Ball spoke to Salon by phone from Los Angeles about the appeal of fanged sex, vampirism as a political metaphor and how to have fun with death. As one of the characters remarks, “If we can’t kill people, what’s the point of being a vampire?” (Listen to the interview here.)
You’ve spent all those years on a show about undertakers and now you’ve moved on to a show about dead people — or, that is, undead. Are you a secret goth?
I’m not! I just chanced upon these books by accident almost. I was wandering through the bookstore and I saw this book and the tag line was, “Maybe having a vampire for a boyfriend isn’t such a good idea.” I thought that was funny. They were so incredibly entertaining that I got really pulled into the world of the books.

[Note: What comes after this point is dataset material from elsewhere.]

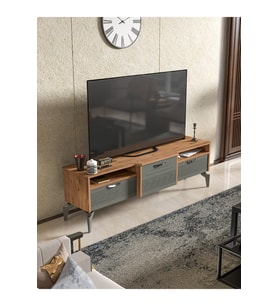Tv Sehpası Tv Ünitesi 160 Cm Atlantik Çam Antrasit Mistral 5071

The series is an interesting mix of light and dark. Clearly, there are funny elements, and yet it is literally ghoulish subject matter.

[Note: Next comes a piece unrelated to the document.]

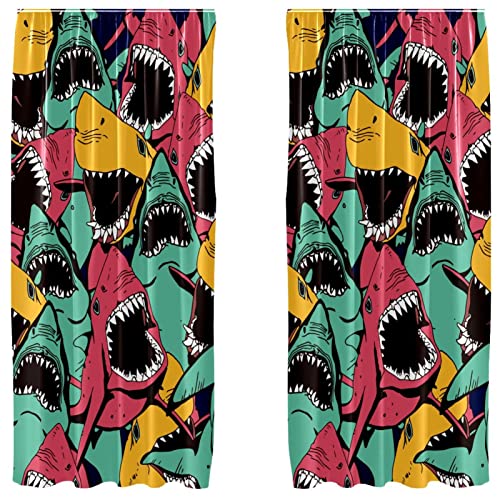 Rideaux occultants requin microfibre 140x213cm rideau fenetre enfant lot 2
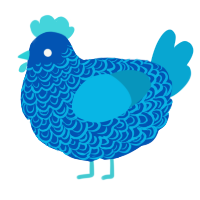 (unnamed), a ultramarine and cerulean chicken with a double-lace pattern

Oh, absolutely. It’s incredibly violent, and there’s a huge body count. At the same time, it’s vampires, so you can’t take it too seriously. There’s something so fun about the pulpiness — the genreness. It kept me so entertained and at the same time I thought there were really great, deeper themes. I ended up really caring about these characters.

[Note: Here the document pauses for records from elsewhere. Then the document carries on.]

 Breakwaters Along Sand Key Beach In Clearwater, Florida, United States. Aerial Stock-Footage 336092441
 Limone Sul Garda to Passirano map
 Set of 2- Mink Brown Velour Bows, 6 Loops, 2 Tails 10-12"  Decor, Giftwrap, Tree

Did you sit down and map out the mythology of this particular world?
Actually, no. Charlaine had done that. Instead of the supernatural being something that exists outside of nature, I wanted it to be something that was almost like a deeper manifestation of nature. Deeper and more primeval. Something that maybe humans, with our brain structures that we’ve created as a way to filter reality, can’t comprehend or sometimes even perceive.
If you actually look at a lot of the more recent vampire movies and TV shows, that mythology is pretty fluid. We decided a lot of the myths about vampires were misinformation that the vampires themselves willfully disseminated so that they could pass. Like in the 15th century, if everybody believed a vampire couldn’t be seen in a mirror, then, here I am, you can see me in a mirror, and so I couldn’t possibly be a vampire.
So the vamps have just been scamming us all these years?
In the opening episode you introduce us to “fangbangers” — regular people who want to sleep with vampires. So I’m guessing that vampire sex is pretty intense. Is that part of vampires’ appeal?
Well, they’ve had a lot of years to perfect their techniques, to learn things, and also as creatures who are more deeply connected to nature. Definitely within the books and within our world, usually vampires are pretty good sexual partners.
There must be some duds in there, though?
Oh, absolutely. We haven’t gotten to them yet, but we will.
Also, clearly, the sexual encounters in this world are freighted with danger. That seems to be something that Sookie is drawn to.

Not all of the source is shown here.